O objetivo deste post não é estar com rodeios – a subida ao Teide em bicicleta de estrada não é um percurso ordinário para se fazer diariamente, basicamente por dois grandes motivos:

  1. A logística: a não ser que viva na ilha de Tenerife, para chegar ao Teide, terá de apanhar um avião e viajar durante algumas horas.
  2. A subida: à sua espera está um mínimo de 2300m de desnível, em menos de 45 km. Lembra-se da subida ao Nivolet? São bastante parecidas.

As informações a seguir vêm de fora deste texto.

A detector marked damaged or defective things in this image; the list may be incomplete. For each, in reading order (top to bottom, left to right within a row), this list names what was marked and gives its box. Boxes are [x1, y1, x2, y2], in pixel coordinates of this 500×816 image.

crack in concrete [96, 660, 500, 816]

Já lhe está a fazer crescer água na boca?

Sobre o Teide e Tenerife

O Teide é um vulcão ainda ativo, situado no arquipélago das Ilhas Canárias, mais concretamente na ilha de Tenerife. É a montanha mais alta de Espanha, com os seus 3718 m acima do nível do mar. O caminho de asfalto vai até aos 2365 m, onde se encontra o teleférico, que o leva até ao cume do vulcão.

O nome Teide provém da palavra Echeyde: inferno (por algum motivo será…)

 

Chegar a Tenerife

Como já comentei ao início do post, para subir ao Teide, primeiro deverá chegar a Tenerife. Tem duas opções:

– Opção 1: viajar de avião. Os dois aeroportos da ilha são bastante ativos.

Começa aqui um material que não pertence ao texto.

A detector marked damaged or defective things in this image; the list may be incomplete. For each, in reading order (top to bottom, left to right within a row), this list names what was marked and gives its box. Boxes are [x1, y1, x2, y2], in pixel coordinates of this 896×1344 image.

– Opção 2: ir de barco. Desde o Sul de Espanha, pode contar com 3 dias de viagem.

 

Onde dormir

Pode dormir em qualquer zona da ilha, no entanto, se vai com a família ou em busca de tranquilidade, aconselho a zona norte.

Por outro lado, se deseja gastar energias (as que restem depois de subir até ao vulcão), a zona sul é perfeita para si.

 

A escolha

Antes de começar, deverá decidir por que lado subir até ao topo do vulcão. Aviso já que não existe a possibilidade de escolher o lado “menos difícil”.

Independentemente do sítio por onde comece, partirá desde o nível do mar e chegará aos 2356 m.

 

A subida ao Teide: a zona sul

Para subir ao Teide de bicicleta desde a parte Sul, deverá dirigir-se à zona entre Los Cristianos e El Médano, onde uma grande variedade de caminhos o levará até Vilaflor. De facto, a primeira parte é semelhante, em qualquer das opções: asfaltos soalheiros, ausência de vegetação, vistas maravilhosas da costa e inclinação constante.

Desde Vilaflor, notará uma mudança drástica e começará a pedalar entre bosques de coníferas, onde o vermelho é a cor predominante – esta é, sem dúvida, a minha parte preferida. Depois de mais de 20 km de paraíso, chega-se ao altiplano, onde a paisagem é de um encanto formidável. As árvores deixam-se substituir por rochas vulcânicas, e, numa questão de segundos, é como se estivesse noutro planeta. Não é de estranhar que, muitas vezes, seja uma zona predileta para a rodagem de filmes de ficção científica.

Ao chegar ao teleférico, pode estar seguro de que já superou a parte mais difícil. O único que falta é comer e beber até chegar ao hotel, onde de certeza encontrará muitos profissionais que treinam em altitude.

 

A subida ao Teide: a zona norte

O ascenso pelo lado norte começa em Puerto de la Cruz, passando por La Orotava, aldeia situada a 390 m acima do nível do mar. A primeira parte é mais complicada, sobretudo no interior da aldeia, onde se podem encontrar subidas de mais de 25% de inclinação. O meu conselho é não sair nunca da estrada TF-21.

A partir de aí, entra-se na zona de bosques que parece não ter fim: 30 km com 5,5% de inclinação e poucas curvas. Em seguida, chega-se a Las Cañadas del Teide, onde começa todo o altiplano que nos leva à zona do teleférico, e, portanto, ao final da subida.

 

A subida ao Teide: a zona nordeste

O percurso pelo lado nordeste começa na capital de Santa Cruz de Tenerife. É a opção mais longa, com os seus 63 km de subida, que cobrem desnível de mais de 2300 m. A partida, como em todos os casos, segue uma inclinação constante até chegar ao altiplano em Las Cañadas del Teide, tal como na subida pela parte norte.

 

A subida ao Teide: a zona oeste

O ascenso de bicicleta pela parte oeste começa na Playa de San Juan, e, para mim, é o mais cansativo, devido às inúmeras e longas retas; mesmo ao longo das vistas do oceano, ou durante os últimos quilómetros no altiplano. Neste caso, passamos pelo mar de lava, que merece ser destacado.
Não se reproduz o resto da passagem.